Leadership in the Post-COVID World

Published: Mar 26, 2021



Our journey of leading through COVID-19 has been a case study in change management. We’ve seen our teams all go to their most primary responses.

When humans are confronted with change, we move quickly to self-protection. The brain rapidly sends out the signal to its “team” of chemicals to alert it that something unexpected is happening.
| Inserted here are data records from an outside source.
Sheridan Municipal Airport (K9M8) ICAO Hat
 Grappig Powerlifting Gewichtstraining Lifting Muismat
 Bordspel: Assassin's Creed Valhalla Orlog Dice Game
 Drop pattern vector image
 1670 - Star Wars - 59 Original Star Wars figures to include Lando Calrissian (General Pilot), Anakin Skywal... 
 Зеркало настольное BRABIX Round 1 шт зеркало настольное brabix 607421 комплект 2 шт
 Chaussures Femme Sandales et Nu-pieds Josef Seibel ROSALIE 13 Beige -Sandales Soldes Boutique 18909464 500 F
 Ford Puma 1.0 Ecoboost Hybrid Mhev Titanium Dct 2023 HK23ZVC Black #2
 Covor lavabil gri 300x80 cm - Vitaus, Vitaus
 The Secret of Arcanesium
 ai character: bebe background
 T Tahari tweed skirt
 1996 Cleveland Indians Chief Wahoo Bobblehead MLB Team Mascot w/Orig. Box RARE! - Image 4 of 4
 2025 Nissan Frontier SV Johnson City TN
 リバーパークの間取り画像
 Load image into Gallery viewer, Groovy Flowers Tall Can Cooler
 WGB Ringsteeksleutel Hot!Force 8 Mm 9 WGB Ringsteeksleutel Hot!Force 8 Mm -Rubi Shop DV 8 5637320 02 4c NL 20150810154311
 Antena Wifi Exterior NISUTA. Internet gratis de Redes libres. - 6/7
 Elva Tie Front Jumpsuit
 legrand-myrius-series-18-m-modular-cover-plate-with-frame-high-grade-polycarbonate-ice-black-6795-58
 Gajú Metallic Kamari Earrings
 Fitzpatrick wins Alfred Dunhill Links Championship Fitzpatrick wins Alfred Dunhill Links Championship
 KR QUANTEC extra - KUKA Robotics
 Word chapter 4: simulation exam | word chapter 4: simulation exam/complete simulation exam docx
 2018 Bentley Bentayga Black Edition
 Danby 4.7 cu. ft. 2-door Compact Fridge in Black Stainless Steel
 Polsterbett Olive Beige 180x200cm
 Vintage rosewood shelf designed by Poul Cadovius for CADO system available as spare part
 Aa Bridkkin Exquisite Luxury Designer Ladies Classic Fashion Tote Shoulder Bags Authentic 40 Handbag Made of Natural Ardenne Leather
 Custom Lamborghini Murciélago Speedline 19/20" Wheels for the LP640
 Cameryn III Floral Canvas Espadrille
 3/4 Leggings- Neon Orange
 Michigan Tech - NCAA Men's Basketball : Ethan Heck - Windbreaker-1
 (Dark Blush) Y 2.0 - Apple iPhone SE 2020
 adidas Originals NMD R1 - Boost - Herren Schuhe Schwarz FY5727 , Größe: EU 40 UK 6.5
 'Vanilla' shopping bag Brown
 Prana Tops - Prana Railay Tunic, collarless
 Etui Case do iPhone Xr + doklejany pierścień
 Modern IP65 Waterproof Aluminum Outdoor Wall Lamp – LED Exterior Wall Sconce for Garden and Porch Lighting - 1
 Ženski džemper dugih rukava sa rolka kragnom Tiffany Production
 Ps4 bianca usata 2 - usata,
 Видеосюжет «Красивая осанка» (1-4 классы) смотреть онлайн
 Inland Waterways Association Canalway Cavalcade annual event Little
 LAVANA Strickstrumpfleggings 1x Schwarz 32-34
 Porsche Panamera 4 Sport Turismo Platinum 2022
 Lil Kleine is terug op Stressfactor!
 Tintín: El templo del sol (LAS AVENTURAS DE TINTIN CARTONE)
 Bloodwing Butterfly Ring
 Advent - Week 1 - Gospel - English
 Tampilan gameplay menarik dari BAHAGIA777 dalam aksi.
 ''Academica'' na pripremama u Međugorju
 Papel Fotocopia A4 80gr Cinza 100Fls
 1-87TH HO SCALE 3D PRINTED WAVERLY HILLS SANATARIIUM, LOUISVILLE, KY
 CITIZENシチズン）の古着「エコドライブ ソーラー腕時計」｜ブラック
The chemicals begin to kick into gear without much conscious thought by the owner of this brain. We then go to our preferred stance in the fight-flight-freeze response and hunker down until we know if we are safe or in danger. I think of the birds in my yard. When a hawk comes near, all the birds will quickly chirp alerts to their family and friends, only to go completely silent a few seconds later. We might say that even a bird brain knows how to detect that change can mean danger.

During the pandemic, we’ve been forced into self-protection mode. I asked a team to list with me all the changes they had experienced this last year. From feeling isolated and eating at home to being clumsy drivers and commanding new social technology skills, the list was extensive.


As we enter into the second year of the COVID-19 pandemic, we all have adjusted our daily habits and left the alert phase. But what lies ahead for us in our work patterns? Will employers require nonessential workers to come back to an office? Will employees require ongoing flexibility? Will we stay virtual? Be hybrid?

Only time will tell, but if any of us had to guess, we would certainly plan on some hybrid scenario for most companies. The self-protecting brains of our team members have become accustomed to the new normal. We humans don’t like to be given freedom and then have it revoked.

Remote work provides freedom, but it is a juxtaposition of easy and hard. While it’s easy to make it from the bed to the computer, it’s hard to manage the needs of family and deal with a lack of appropriate workspace. Remote work makes it easy to save money and time on gas and the commute, but for many people isolated in their home offices, it’s hard to self-manage, connect, and build relationships.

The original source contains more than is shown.